Upgrade your kernel to at least  2.6.12
There's a known issue with earlier versions of the 2.6.x kernel and
64b CPUs like the Opteron.  See kernel.org for details.

>Areca ARC-1220 8-port PCI-E controller

Make sure you have 1GB or 2GB of cache.  Get the battery backup and
set the cache for write back rather than write through.

>8 x Hitachi Deskstar 7K80 (SATA2) (7200rpm)
>2 x Opteron 242 @ 1.6ghz
>3gb RAM (should be 4gb, but separate Linux issue preventing us from
>getting it to see all of it)
>Tyan Thunder K8WE
The K8WE has 8 DIMM slots.  That should be good for 16 or 32 GB of
RAM (Depending on whether the mainboard recognizes 4GB DIMMs or
not.  Ask Tyan about the latest K8WE firmare.).  If nothing else, 1GB
DIMMs are now so cheap that you should have no problems having 8GB on the K8WE.

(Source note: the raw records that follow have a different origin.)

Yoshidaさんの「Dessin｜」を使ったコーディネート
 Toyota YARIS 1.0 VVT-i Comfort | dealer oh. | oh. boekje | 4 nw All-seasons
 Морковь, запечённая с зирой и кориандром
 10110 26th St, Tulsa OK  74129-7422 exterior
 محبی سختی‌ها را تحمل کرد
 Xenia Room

A 2.6.12 or later based Linux distro should have NO problems using
more than 4GB or RAM.

Among the other tricks having lots of RAM allows:
If some of your tables are Read Only or VERY rarely written to, you
can preload them at boot time and make them RAM resident using the
/etc/tmpfs trick.

In addition there is at least one company making a cheap battery
backed PCI-X card that can hold up to 4GB of RAM and pretend to be a
small HD to the OS.  I don't remember any names at the moment, but
there have been posts here and at storage.review.com on such products.


>RAID Layout:
>
>4 2-disk RAID0 sets created
You do know that a RAID 0 set provides _worse_ data protection than a
single HD?  Don't use RAID 0 for any data you want kept reliably.

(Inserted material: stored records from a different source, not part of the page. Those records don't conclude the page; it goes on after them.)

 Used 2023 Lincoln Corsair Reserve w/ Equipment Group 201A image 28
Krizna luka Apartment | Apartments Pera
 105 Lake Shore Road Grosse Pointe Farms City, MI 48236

With 8 HDs, the best config is probably
1 2HD RAID 1 + 1 6HD RAID 10  or
2 4HD RAID 10's

It is certainly true that once you have done everything you can with
RAM, the next set of HW optimizations is to add HDs.  The more the
better up to a the limits of your available PCI-X bandwidth.

In short, a 2nd RAID fully populated controller is not unreasonable.



Re: help tuning queries on large database

From
Kelly Burkhart
Date:
On 1/8/06, Ron <> wrote:
<snip>
Among the other tricks having lots of RAM allows:
If some of your tables are Read Only or VERY rarely written to, you
can preload them at boot time and make them RAM resident using the
/etc/tmpfs trick.

What is the /etc/tmpfs trick?

-K


Re: help tuning queries on large database

From
Harry Jackson
Date:
On 1/9/06, Kelly Burkhart <> wrote:
> On 1/8/06, Ron <> wrote:
> > <snip>
> > Among the other tricks having lots of RAM allows:
> > If some of your tables are Read Only or VERY rarely written to, you
> > can preload them at boot time and make them RAM resident using the
> > /etc/tmpfs trick.
>
>  What is the /etc/tmpfs trick?

I think he means you can create a directory that mounts and area of
RAM. If you put the tables on it then it will be very fast. I would
not recommend it for anything you cannot afford to loose.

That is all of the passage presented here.